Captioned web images
********************
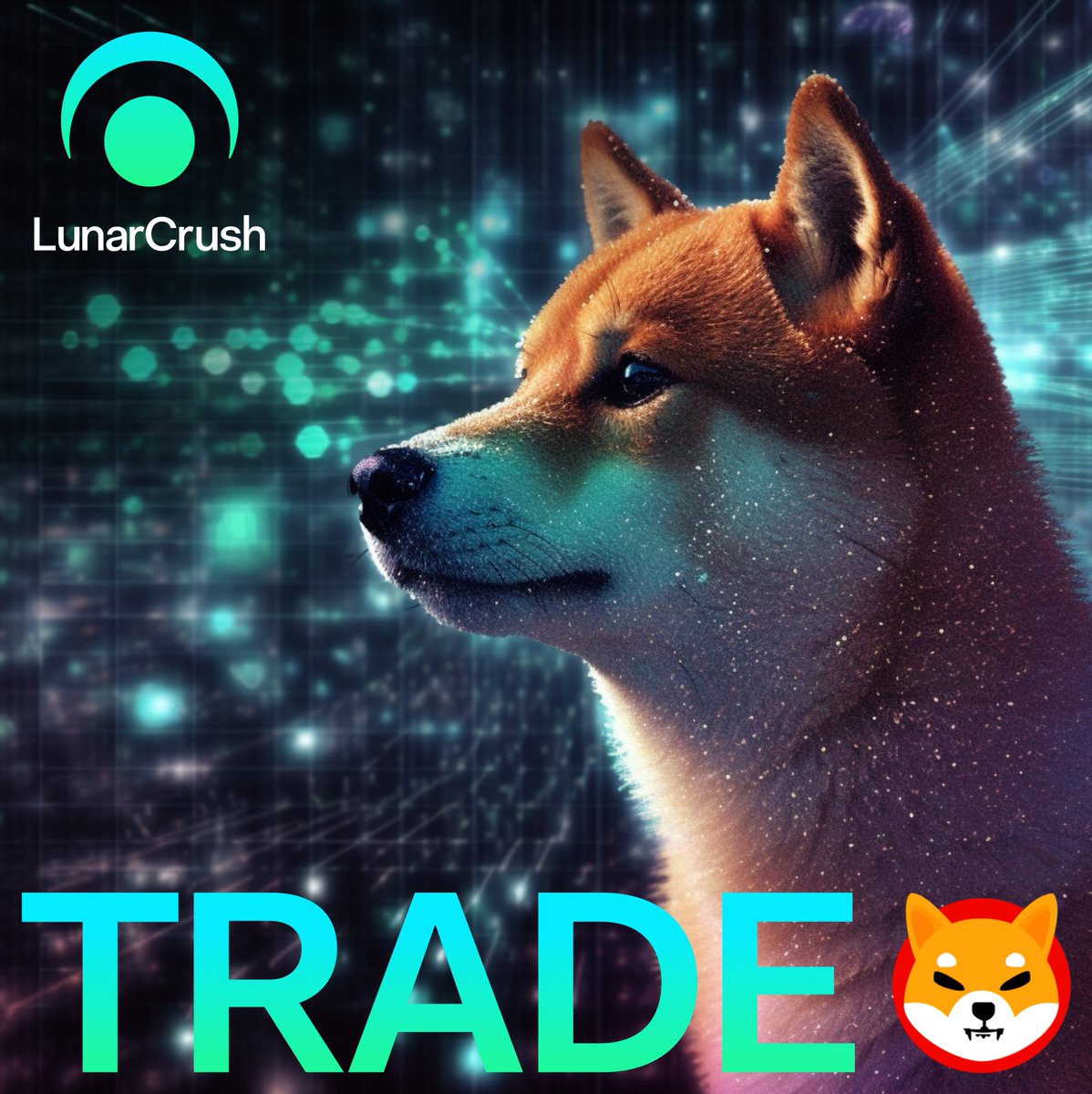 LunarCrush's tweet photo. NEW LISTING!
SWAP $SHIB ON LUNARCRUSH TRADE!
https://t.co/gU5ZwrAof4
#ShibaInu https://t.co/4QuSndhcuC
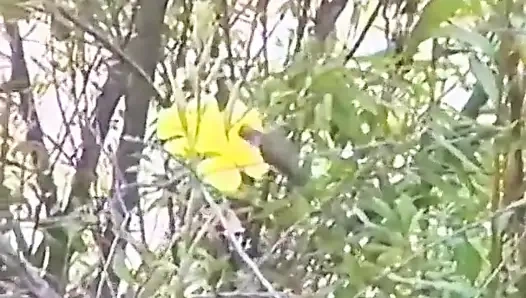 Memek amatir yang dicukur dipukul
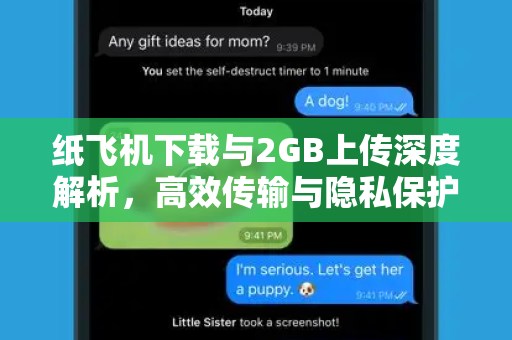 纸飞机下载与2GB上传深度解析，高效传输与隐私保护的完美平衡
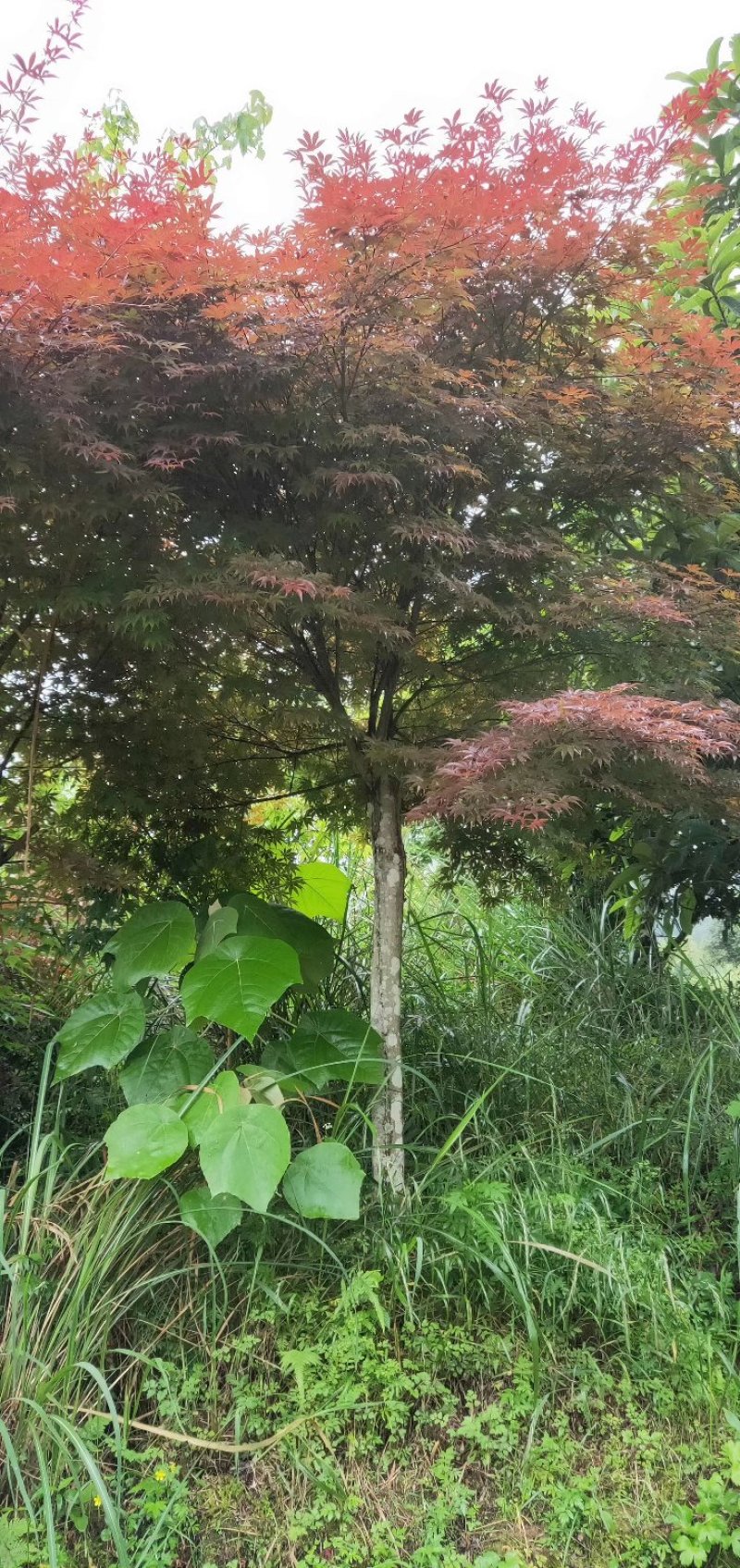 日本红枫，郴州红枫，湖南红枫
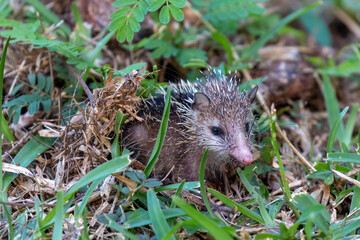 Seychelles - A Wild Tailless Tenrec (Tenrec ecaudatus)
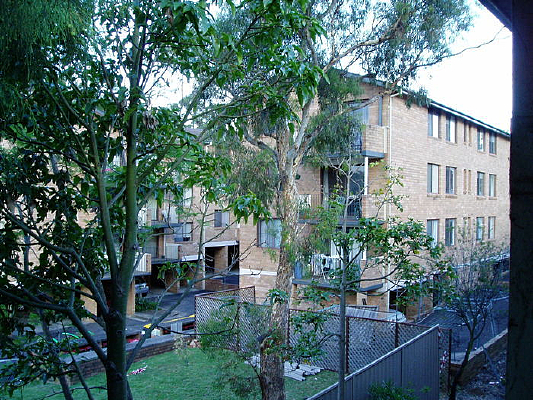 �����ĺ�ש¥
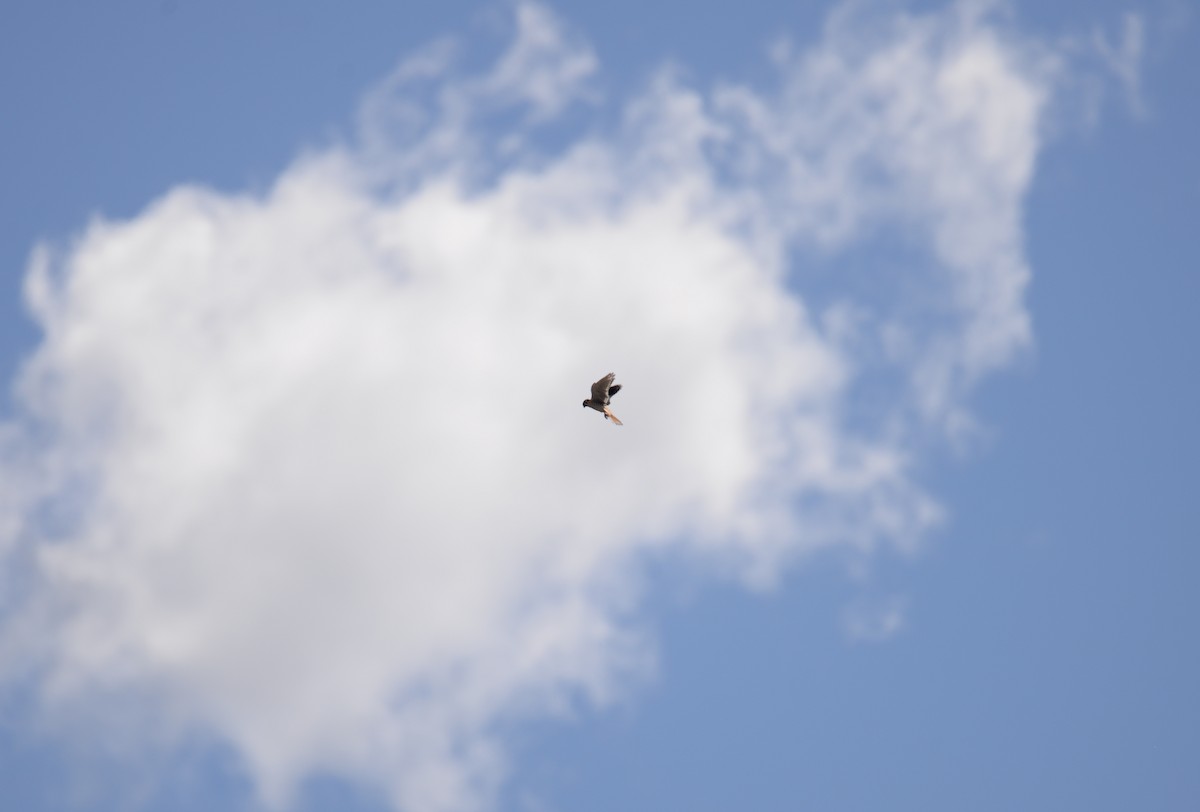 American Kestrel - ML642994400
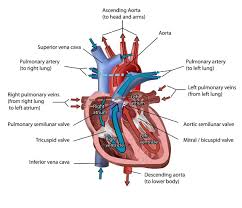 The Heart Of The Matter National Geographic Society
********************
*ASSIGNMENT*:
Nothing but the lines from the one holding "https://t.co/gU5ZwrAof4" through the final line of the records above belongs in the answer, each retyped exactly; omit the pictures.

*PROBLEM SOLUTION*:
https://t.co/gU5ZwrAof4
#ShibaInu https://t.co/4QuSndhcuC
 Memek amatir yang dicukur dipukul
 纸飞机下载与2GB上传深度解析，高效传输与隐私保护的完美平衡
 日本红枫，郴州红枫，湖南红枫
 Seychelles - A Wild Tailless Tenrec (Tenrec ecaudatus)
 �����ĺ�ש¥
 American Kestrel - ML642994400
 The Heart Of The Matter National Geographic Society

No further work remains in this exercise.